Given information>
######

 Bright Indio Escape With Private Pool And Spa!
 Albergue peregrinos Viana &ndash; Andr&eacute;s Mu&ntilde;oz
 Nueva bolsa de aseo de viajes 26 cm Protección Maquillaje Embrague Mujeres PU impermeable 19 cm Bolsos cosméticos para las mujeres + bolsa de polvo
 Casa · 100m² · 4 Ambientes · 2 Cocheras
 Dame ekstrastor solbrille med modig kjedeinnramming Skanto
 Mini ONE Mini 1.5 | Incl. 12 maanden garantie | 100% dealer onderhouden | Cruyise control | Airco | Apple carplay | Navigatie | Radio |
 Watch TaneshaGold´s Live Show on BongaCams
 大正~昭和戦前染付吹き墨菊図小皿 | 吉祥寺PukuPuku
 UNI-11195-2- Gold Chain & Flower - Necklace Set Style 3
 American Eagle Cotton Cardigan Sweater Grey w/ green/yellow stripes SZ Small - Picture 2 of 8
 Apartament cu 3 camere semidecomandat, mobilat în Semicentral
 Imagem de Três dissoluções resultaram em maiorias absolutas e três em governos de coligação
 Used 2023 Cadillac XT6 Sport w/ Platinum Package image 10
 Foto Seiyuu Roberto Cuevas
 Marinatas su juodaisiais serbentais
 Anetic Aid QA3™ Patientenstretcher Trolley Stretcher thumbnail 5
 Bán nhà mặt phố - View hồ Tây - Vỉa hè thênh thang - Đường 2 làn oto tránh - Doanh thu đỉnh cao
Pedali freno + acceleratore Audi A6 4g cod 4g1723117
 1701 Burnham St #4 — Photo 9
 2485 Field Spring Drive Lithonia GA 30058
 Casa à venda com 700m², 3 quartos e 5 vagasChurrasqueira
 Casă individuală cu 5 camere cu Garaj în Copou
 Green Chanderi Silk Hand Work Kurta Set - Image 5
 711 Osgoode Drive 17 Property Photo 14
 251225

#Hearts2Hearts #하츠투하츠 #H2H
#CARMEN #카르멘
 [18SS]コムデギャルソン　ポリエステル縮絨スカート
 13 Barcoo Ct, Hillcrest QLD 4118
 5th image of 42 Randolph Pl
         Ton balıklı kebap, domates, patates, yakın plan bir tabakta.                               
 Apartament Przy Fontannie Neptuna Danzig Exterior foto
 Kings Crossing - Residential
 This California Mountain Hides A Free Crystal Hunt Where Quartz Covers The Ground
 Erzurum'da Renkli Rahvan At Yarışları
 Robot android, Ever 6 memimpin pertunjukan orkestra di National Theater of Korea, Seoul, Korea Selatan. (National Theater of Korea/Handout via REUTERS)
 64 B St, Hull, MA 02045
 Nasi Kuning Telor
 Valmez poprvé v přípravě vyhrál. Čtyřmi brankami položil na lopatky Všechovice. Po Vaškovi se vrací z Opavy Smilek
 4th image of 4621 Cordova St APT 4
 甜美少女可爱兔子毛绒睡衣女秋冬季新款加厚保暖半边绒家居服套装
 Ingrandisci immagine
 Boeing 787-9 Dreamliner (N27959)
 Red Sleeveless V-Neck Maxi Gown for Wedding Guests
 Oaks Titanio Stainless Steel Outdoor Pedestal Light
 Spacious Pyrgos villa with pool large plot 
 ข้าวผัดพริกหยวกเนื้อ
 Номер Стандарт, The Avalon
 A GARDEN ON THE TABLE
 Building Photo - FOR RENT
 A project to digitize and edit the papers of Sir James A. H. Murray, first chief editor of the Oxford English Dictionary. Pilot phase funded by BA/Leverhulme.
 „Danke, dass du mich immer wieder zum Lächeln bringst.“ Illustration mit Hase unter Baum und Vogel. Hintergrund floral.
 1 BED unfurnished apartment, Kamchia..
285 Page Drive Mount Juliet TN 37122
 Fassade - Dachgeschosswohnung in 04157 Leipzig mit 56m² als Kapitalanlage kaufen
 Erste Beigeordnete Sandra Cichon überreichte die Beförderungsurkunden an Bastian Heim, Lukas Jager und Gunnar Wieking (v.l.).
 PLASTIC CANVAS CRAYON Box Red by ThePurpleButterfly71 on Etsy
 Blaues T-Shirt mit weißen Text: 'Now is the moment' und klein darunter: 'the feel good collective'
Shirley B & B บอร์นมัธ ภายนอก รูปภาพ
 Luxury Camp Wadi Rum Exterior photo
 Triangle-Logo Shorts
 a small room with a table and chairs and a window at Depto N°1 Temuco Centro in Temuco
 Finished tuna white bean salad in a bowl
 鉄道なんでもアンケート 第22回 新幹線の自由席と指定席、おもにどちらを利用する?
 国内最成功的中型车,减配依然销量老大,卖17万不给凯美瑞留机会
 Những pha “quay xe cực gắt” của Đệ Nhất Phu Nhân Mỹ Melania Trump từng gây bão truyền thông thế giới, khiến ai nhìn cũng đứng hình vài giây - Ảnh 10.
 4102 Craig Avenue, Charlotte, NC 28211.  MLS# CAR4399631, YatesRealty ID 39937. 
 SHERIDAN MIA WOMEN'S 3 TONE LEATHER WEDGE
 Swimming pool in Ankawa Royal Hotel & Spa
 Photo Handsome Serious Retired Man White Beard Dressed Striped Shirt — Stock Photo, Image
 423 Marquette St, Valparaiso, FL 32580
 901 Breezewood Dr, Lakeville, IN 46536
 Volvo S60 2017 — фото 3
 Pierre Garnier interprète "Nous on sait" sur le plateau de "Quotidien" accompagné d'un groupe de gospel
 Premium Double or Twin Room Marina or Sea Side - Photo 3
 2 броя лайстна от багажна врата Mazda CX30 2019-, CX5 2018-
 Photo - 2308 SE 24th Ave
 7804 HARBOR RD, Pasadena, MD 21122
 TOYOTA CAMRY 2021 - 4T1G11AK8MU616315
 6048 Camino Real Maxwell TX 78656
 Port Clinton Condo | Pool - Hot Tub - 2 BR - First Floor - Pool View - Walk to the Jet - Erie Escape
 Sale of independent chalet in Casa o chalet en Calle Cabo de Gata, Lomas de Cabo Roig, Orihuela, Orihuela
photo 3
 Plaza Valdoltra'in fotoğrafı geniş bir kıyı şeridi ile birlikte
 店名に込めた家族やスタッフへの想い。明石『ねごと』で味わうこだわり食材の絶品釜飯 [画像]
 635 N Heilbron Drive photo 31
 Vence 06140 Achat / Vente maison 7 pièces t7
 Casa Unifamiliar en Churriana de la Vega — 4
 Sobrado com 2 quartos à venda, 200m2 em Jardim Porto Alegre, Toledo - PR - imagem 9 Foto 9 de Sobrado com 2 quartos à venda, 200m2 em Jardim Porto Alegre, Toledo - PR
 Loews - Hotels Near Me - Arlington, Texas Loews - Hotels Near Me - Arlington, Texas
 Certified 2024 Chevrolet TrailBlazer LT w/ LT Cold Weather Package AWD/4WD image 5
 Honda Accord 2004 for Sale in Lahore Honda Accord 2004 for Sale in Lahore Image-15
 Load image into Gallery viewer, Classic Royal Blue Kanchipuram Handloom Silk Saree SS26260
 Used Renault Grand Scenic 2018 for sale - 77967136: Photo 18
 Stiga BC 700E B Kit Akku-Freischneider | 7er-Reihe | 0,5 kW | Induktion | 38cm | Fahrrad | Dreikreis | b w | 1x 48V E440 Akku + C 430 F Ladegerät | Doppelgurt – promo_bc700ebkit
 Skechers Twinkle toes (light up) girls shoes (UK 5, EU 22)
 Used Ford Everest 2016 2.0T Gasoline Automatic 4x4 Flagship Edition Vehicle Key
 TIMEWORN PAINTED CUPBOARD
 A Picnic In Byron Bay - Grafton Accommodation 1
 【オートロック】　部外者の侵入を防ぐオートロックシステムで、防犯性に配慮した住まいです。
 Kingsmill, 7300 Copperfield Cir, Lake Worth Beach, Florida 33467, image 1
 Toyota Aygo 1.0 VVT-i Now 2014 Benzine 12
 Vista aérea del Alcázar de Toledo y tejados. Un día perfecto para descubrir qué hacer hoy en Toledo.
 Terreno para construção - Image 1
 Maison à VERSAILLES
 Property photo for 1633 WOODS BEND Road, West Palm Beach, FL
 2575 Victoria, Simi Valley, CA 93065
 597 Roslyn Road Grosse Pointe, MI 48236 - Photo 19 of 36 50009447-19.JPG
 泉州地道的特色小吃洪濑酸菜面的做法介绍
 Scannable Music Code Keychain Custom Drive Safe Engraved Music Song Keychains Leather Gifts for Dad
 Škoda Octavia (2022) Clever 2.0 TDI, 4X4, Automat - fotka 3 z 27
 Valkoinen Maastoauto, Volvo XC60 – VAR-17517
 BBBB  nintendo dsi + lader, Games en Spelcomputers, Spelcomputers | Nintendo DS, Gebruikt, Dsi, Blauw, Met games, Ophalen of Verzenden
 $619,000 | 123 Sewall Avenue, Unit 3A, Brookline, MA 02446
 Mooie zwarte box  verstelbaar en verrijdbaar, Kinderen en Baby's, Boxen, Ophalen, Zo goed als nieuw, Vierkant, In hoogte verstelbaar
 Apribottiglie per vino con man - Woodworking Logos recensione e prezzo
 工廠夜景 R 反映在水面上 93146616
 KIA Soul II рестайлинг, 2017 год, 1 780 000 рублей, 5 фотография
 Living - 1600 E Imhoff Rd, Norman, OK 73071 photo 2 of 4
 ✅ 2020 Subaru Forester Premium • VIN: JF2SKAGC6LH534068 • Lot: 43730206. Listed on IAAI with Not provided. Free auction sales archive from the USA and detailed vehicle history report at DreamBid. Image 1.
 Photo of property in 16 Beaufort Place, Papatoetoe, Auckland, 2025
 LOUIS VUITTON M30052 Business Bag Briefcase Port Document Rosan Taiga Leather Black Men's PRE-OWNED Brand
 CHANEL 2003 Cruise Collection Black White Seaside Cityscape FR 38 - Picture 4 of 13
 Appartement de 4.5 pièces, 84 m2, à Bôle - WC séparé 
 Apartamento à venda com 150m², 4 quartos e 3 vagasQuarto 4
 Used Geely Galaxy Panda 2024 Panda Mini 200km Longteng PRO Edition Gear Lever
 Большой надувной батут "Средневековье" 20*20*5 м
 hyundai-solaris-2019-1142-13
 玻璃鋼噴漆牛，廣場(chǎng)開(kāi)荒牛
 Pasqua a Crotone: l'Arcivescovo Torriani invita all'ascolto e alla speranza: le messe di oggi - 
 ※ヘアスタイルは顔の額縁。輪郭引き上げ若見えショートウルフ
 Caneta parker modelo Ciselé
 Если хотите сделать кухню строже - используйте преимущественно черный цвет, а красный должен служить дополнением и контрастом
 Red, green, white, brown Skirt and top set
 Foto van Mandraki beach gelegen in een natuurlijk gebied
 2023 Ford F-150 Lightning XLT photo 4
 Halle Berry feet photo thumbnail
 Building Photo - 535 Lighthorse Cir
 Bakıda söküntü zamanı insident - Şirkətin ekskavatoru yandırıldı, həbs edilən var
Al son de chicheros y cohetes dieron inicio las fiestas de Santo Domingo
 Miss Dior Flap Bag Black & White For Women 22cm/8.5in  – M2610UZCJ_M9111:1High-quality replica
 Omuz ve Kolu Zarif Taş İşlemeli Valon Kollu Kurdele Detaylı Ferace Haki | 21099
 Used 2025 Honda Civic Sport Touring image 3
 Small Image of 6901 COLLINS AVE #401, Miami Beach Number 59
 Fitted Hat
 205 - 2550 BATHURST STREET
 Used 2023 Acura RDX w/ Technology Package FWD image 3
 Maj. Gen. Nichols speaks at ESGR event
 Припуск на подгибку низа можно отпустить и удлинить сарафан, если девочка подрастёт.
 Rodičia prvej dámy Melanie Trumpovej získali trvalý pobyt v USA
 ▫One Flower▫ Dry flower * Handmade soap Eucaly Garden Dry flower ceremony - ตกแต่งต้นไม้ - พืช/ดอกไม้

######

Please, from the material above, copy only the lines from the line with "SHERIDAN MIA WOMEN'S 3 TONE LEATHER WEDGE" up to and including the line with "店名に込めた家族やスタッフへ", exactly as written.

 SHERIDAN MIA WOMEN'S 3 TONE LEATHER WEDGE
 Swimming pool in Ankawa Royal Hotel & Spa
 Photo Handsome Serious Retired Man White Beard Dressed Striped Shirt — Stock Photo, Image
 423 Marquette St, Valparaiso, FL 32580
 901 Breezewood Dr, Lakeville, IN 46536
 Volvo S60 2017 — фото 3
 Pierre Garnier interprète "Nous on sait" sur le plateau de "Quotidien" accompagné d'un groupe de gospel
 Premium Double or Twin Room Marina or Sea Side - Photo 3
 2 броя лайстна от багажна врата Mazda CX30 2019-, CX5 2018-
 Photo - 2308 SE 24th Ave
 7804 HARBOR RD, Pasadena, MD 21122
 TOYOTA CAMRY 2021 - 4T1G11AK8MU616315
 6048 Camino Real Maxwell TX 78656
 Port Clinton Condo | Pool - Hot Tub - 2 BR - First Floor - Pool View - Walk to the Jet - Erie Escape
 Sale of independent chalet in Casa o chalet en Calle Cabo de Gata, Lomas de Cabo Roig, Orihuela, Orihuela
photo 3
 Plaza Valdoltra'in fotoğrafı geniş bir kıyı şeridi ile birlikte
 店名に込めた家族やスタッフへの想い。明石『ねごと』で味わうこだわり食材の絶品釜飯 [画像]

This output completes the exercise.